Rank-and-file workers generally receive nonqualified options. When exercising these options - or, rather, when you buy the stock - the difference between what you paid and the stock's current market price is treated as ordinary income and taxed as such.

Keep the stock for at least a year and, when you eventually sell it, you will owe long-term capital gains tax on any appreciation above the market price of the stock on the day you exercised the option.

Incentive options tend to be awarded to upper management. These options don't trigger income tax when exercised. You're taxed when you sell the shares - either at your ordinary income rate or at the capital gains rate if you hold them long enough.

This can be a big savings, considering the top income tax rate is 39.6 percent and the top long-term capital gains rate is 20 percent.
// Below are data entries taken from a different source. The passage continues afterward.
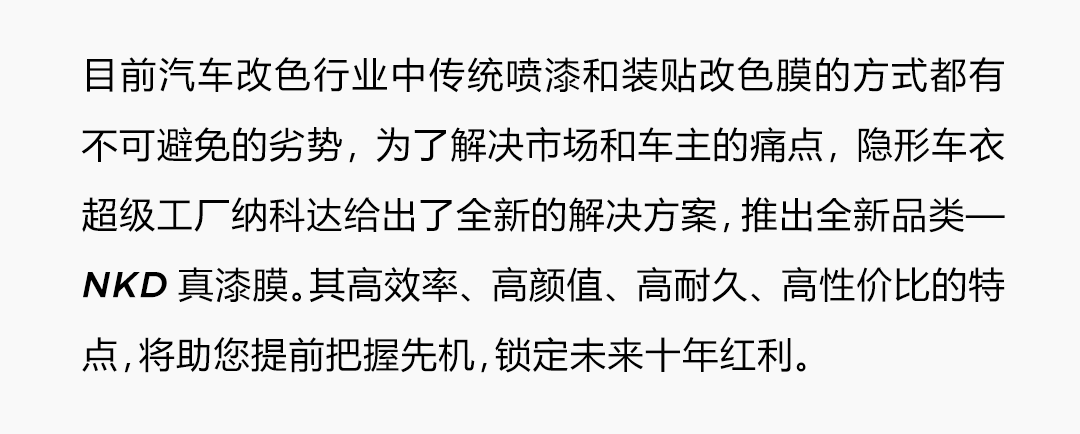 特斯拉10年造1亿台车！NKD真漆膜助力解锁“新”财富密码！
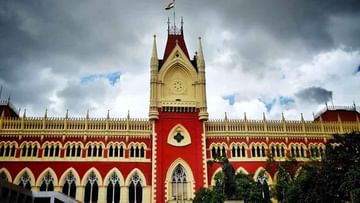 Calcutta High Court: বিচারপতি মান্থার এজলাসে কর্মবিরতিকে চ্যালেঞ্জ করে জনস্বার্থ মামলা দায়ের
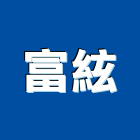富絃有限公司,隔熱板,ps隔熱板,大樓隔熱紙,隔熱紙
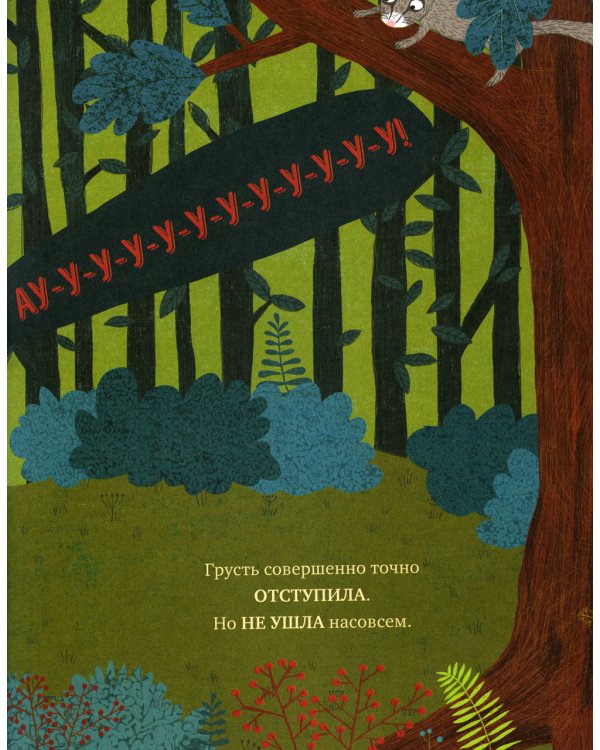 Когда мне грустно: сказка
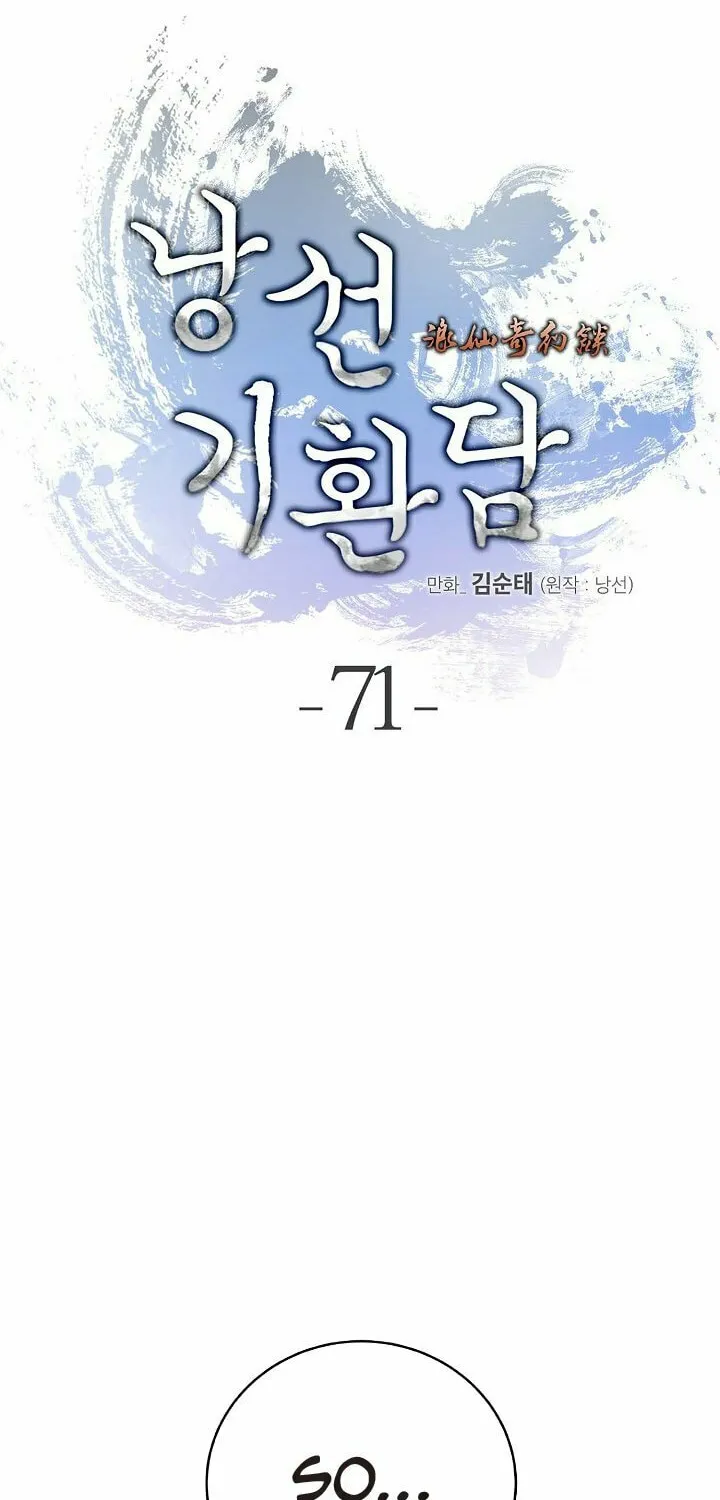 Tale of the Floating Sages Chapter 71 page 45 - 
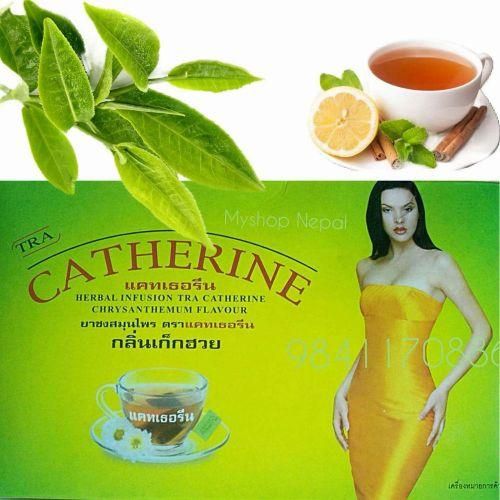 TRA Sliming Tea Catherine Herbal Infusion Detox Chrysanthemum .  It consists mainly of plants that helps to speed up the withdrawal of fluid in your body, thus does a good tool for losing weight.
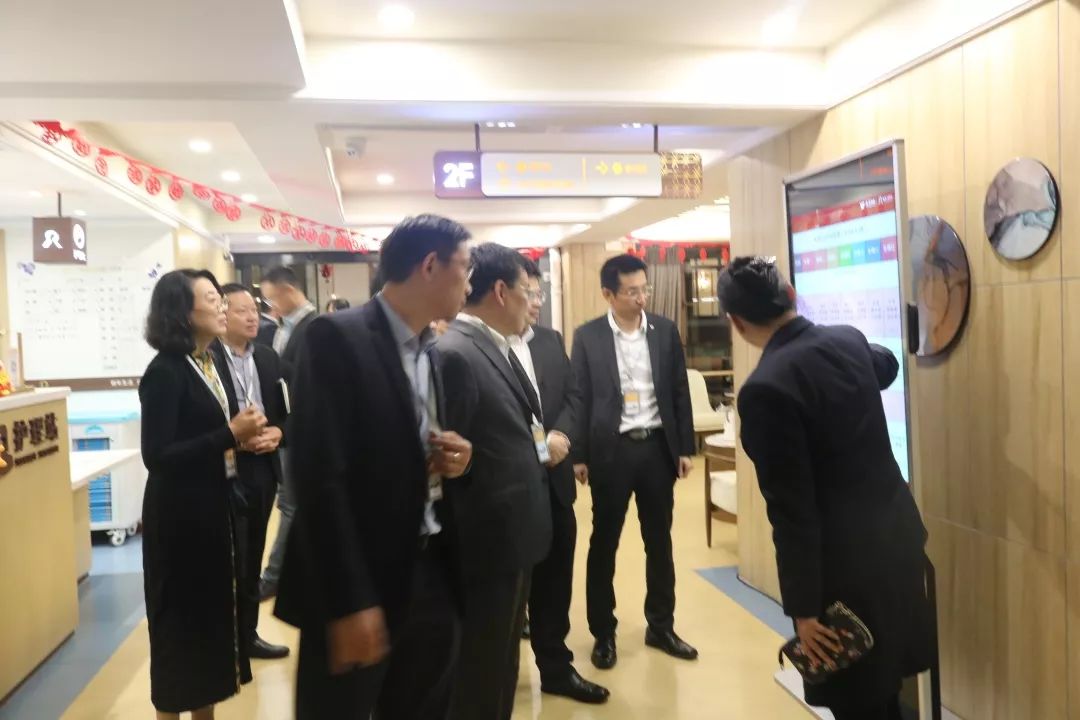 深圳市副市长黄敏一行专题调研越秀养老项目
Something to watch out for: Incentive options can trigger the alternative minimum tax. The AMT, generally 28 percent, was designed to capture the rich who are avoiding taxes. But many less affluent families with options are caught by the tax.

Once you understand the type of options you have, experts recommend some of the following strategies in a down market:

Ride it out. Sure, the market is down now, but if you're options aren't expiring soon, wait out the slump, said Meg VanDeWeghe, executive in residence with University of Maryland's business school.

"All else being equal, the best strategy is to hold them as long as possible," she said.

You still have the opportunity to buy the stock if it goes up later. But by waiting, you don't have to put up money to buy shares and, in some cases, pay income tax, VanDeWeghe said. Meanwhile, that money might be better invested elsewhere, she said.

Of course, there are times to exercise options early, she added. Perhaps you're switching jobs and will forfeit any unexercised options when you leave, or your portfolio has so much company stock that you want to sell some of your option shares and invest the proceeds elsewhere, she said.

Exercise options and sell the shares immediately if you think the stock is overvalued and will tumble before your options expire, she said.

Play the tax advantages. If you must exercise options in a down market, there are some advantages taxwise if it's a stock you want to keep, said Sue Stevens, director of financial planning for Morningstar, a mutual fund tracking firm in Chicago.

If the stock price has fallen, the amount of income you'll gain from exercising nonqualified options will be lower, too, and that means a smaller tax bite, Stevens said. And if the stock is held long term, any future appreciation will be taxed at the lower capital gains rate.

If you have incentive options, you can also exercise more shares before coming up against the AMT, she added.

Give them away. Some companies allow employees to transfer nonqualified options to others, say, children or charities.

This can be a useful tool for those who want to reduce their taxable estate, said Thomas Grzymala, a financial planner with Alexandria Financial Associates Ltd.

Once given away, the options and any future appreciation are out of your estate.

There's an added benefit to giving away options when the stock price is temporarily down, Grzymala said. You can give up to $10,000 a year to another person without triggering gift taxes. But if the stock price is depressed, you can give away more option shares before hitting the threshold than if the price were higher, he said.

Be aware that the new owner controls the options and decides when to exercise them. Also, because these options are considered compensation to you, you will pay whatever income tax is due when the options are exercised, Grzymala said.

Ask for more. "If you really believe in the company's prospects, you should be actually trying to get more options," said David Gumpert, author of "Better than Money: Building Your Fortune Using Stock Options and Other Equity Incentives - in Up and Down Markets."